Philippine police will return to the front-lines of President Rodrigo Duterte’s drug war, his spokesman said Tuesday, less than two months after they were demoted in response to rising opposition to the crackdown. Presidential spokesman Harry Roque said the police were being brought back because drug crimes had risen in their absence, and there had been a “public clamor” for them to return.
He said Duterte signed an order on Tuesday directing the police to again join the crackdown. “There has been a notable resurgence in illegal drug activities and crimes committed,” Roque said as he read the order signed by Duterte. Duterte, 72, was elected last year on a promise to eradicate drugs from society by launching an unprecedented campaign in which up to 100,000 people would die.

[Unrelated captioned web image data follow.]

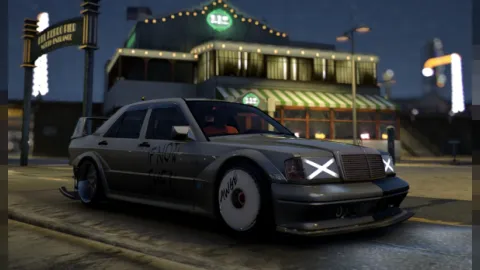 Mercedes 190E A$AP black and white tuned car on a FiveM road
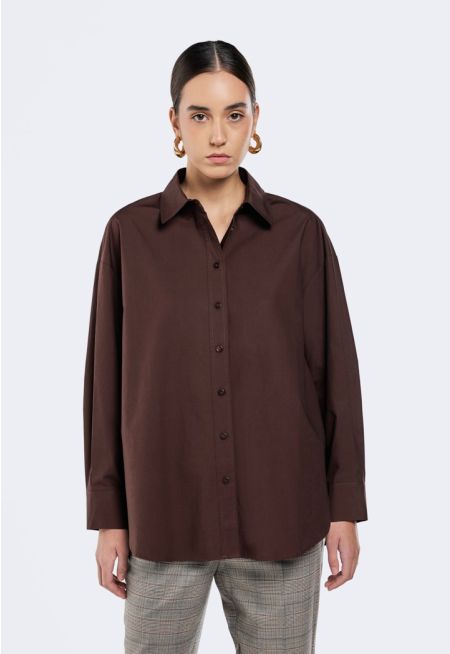Drop Shoulder Solid Shirt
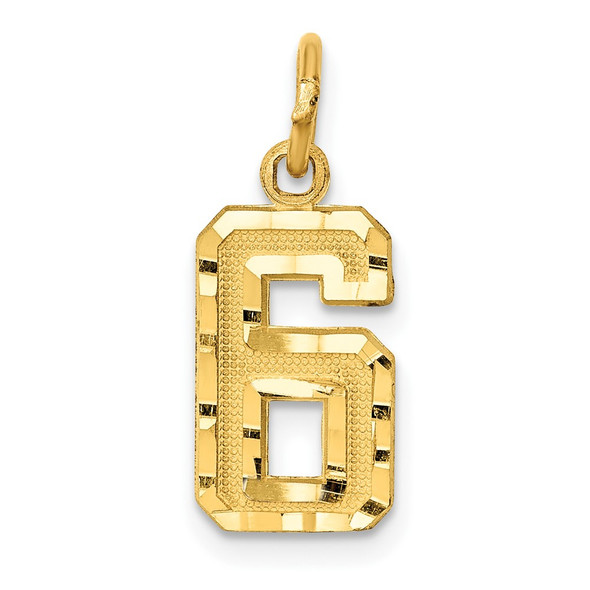 10K Yellow Gold Casted Small Diamond-cut Number 6 Charm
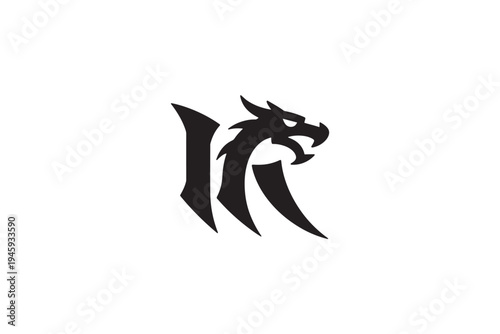 Dynamic black dragon head integrated into stylized 'ir' logo design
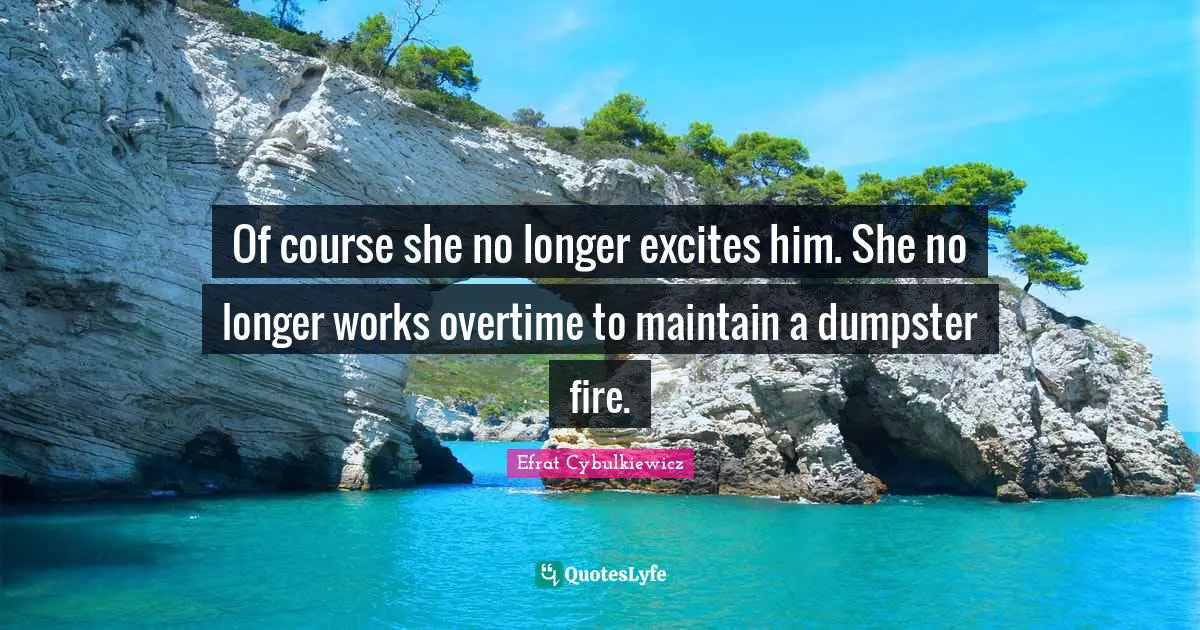Brake Quotes: "Of course she no longer excites him. She no longer works overtime to maintain a dumpster fire."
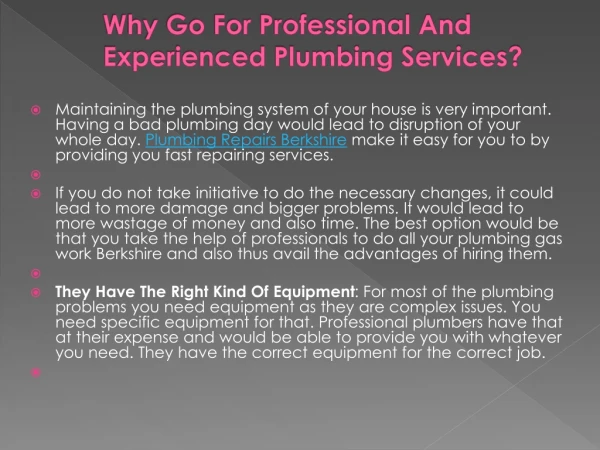 Why Go For Professional And Experienced Plumbing Services?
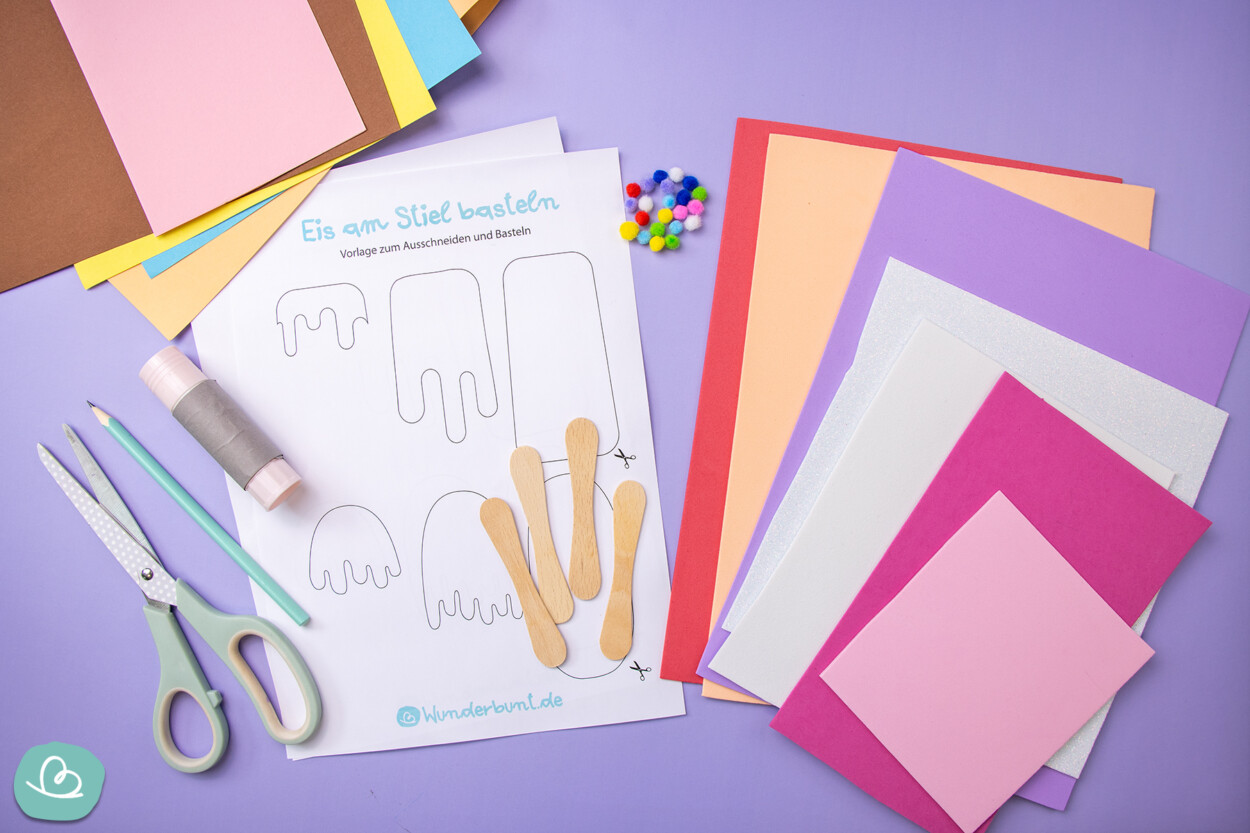 Eis basteln mit Kindern - Materialien zum Basteln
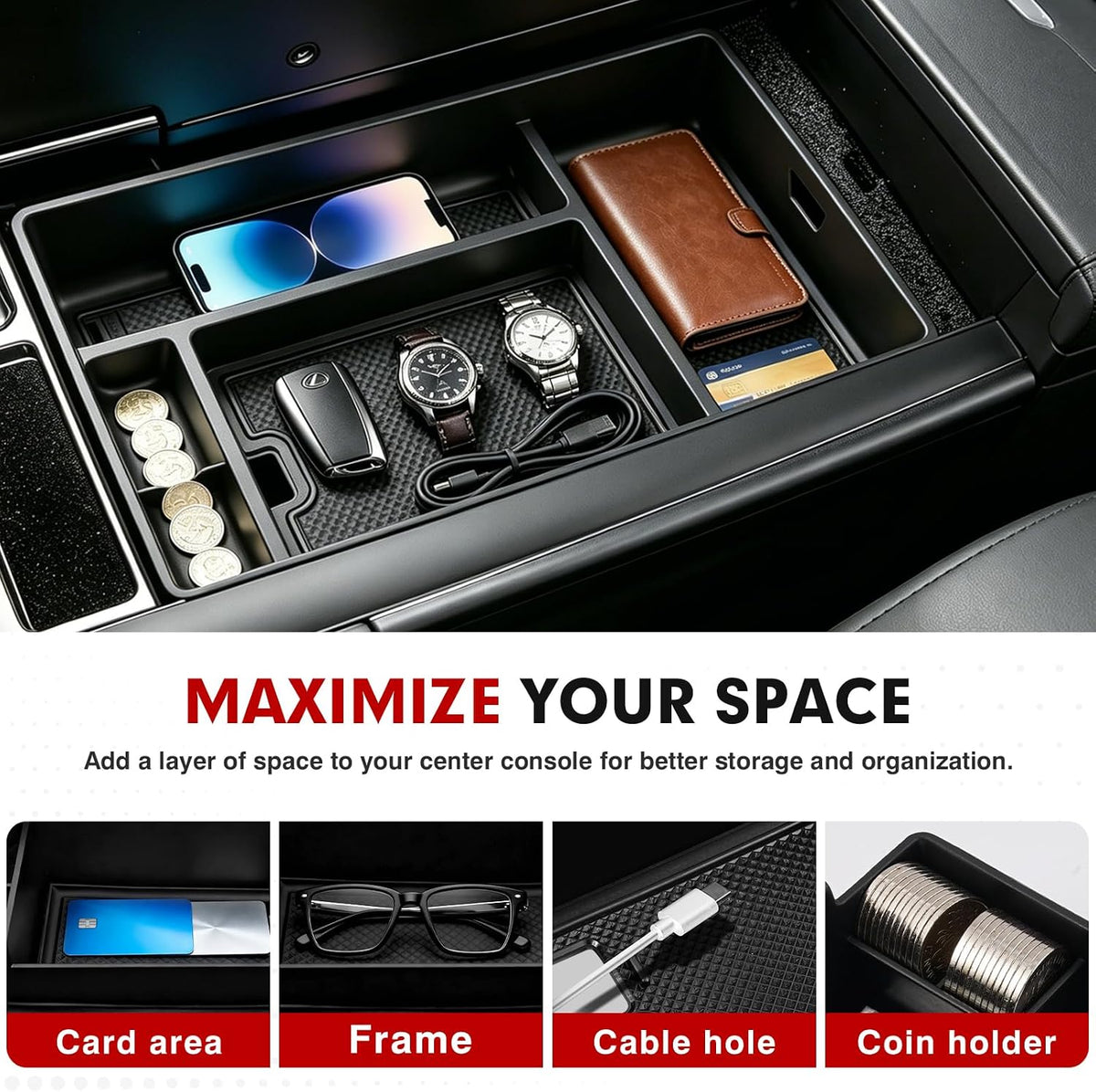 Autorder Center Console Organizer for 2022 2023 2024 2025 2026 Lexus NX NX 250/NX 350/NX 350h 450h+ Accessories Armrest Storage Box Secondary Insert Tray with Anti-Slip Mat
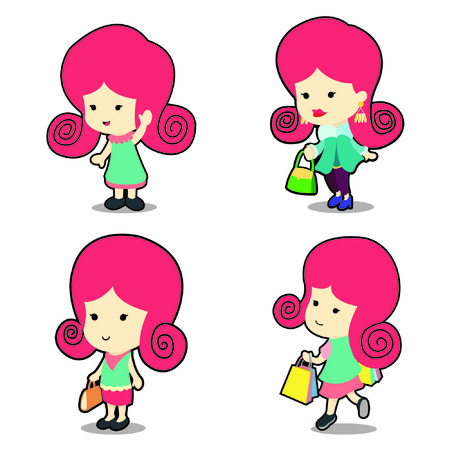 Happy cute girl in many poses cartoon vector illustrationのイラスト素材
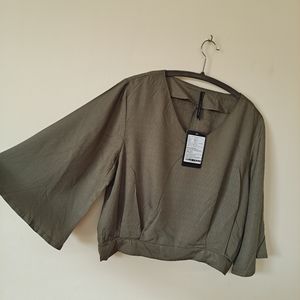 Woman olive green self design blouson top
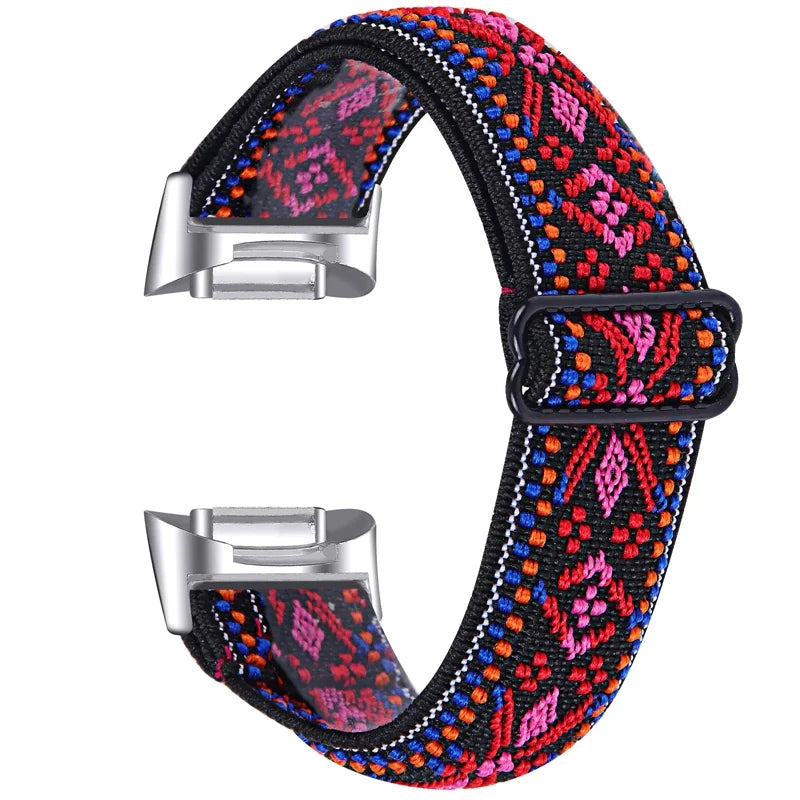 Fitbit Charge 6 5 Nylon Strap - Elastic Sport Fabric Design
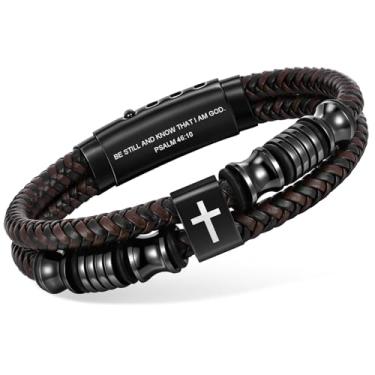 Imagem de Pulseira masculina de couro marrom cristão – Pulseira de cruz de fé de couro trançado de fileira dupla, batismo religioso, versículo bíblico inspirador, joia presente para homens jovens, adolescentes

Since he took office, police have reported killing about 4,000 people in the crackdown. Another 2,290 have been murdered in drug-related crimes, while thousands of other deaths remain unsolved, according to government data. Many Filipinos continue to support the crackdown, believing Duterte is making society safer.
But in October Duterte announced that the Philippine Drug Enforcement Agency would replace the police in the drug war following mounting public opposition, including rare street protests, that were triggered by police allegedly murdering three teenagers.
Duterte said later he had removed police from the drug war “in deference” to critics, including rights campaigners, Catholic bishops and the European Union. However Duterte also repeatedly said he believed the anti-drug agency, with only about 2,000 officers, would not be able to effectively prosecute the crackdown. The police force has about 165,000 officers.
The October suspension was the second time Duterte had hauled police off the drug war. In January he did the same after it was revealed officers involved in the anti-drug campaign murdered a South Korean businessmen inside national police headquarters. Duterte said at the time the police force was “corrupt to the core”. But he reinstated the police soon afterwards without making major reforms to address the graft issue.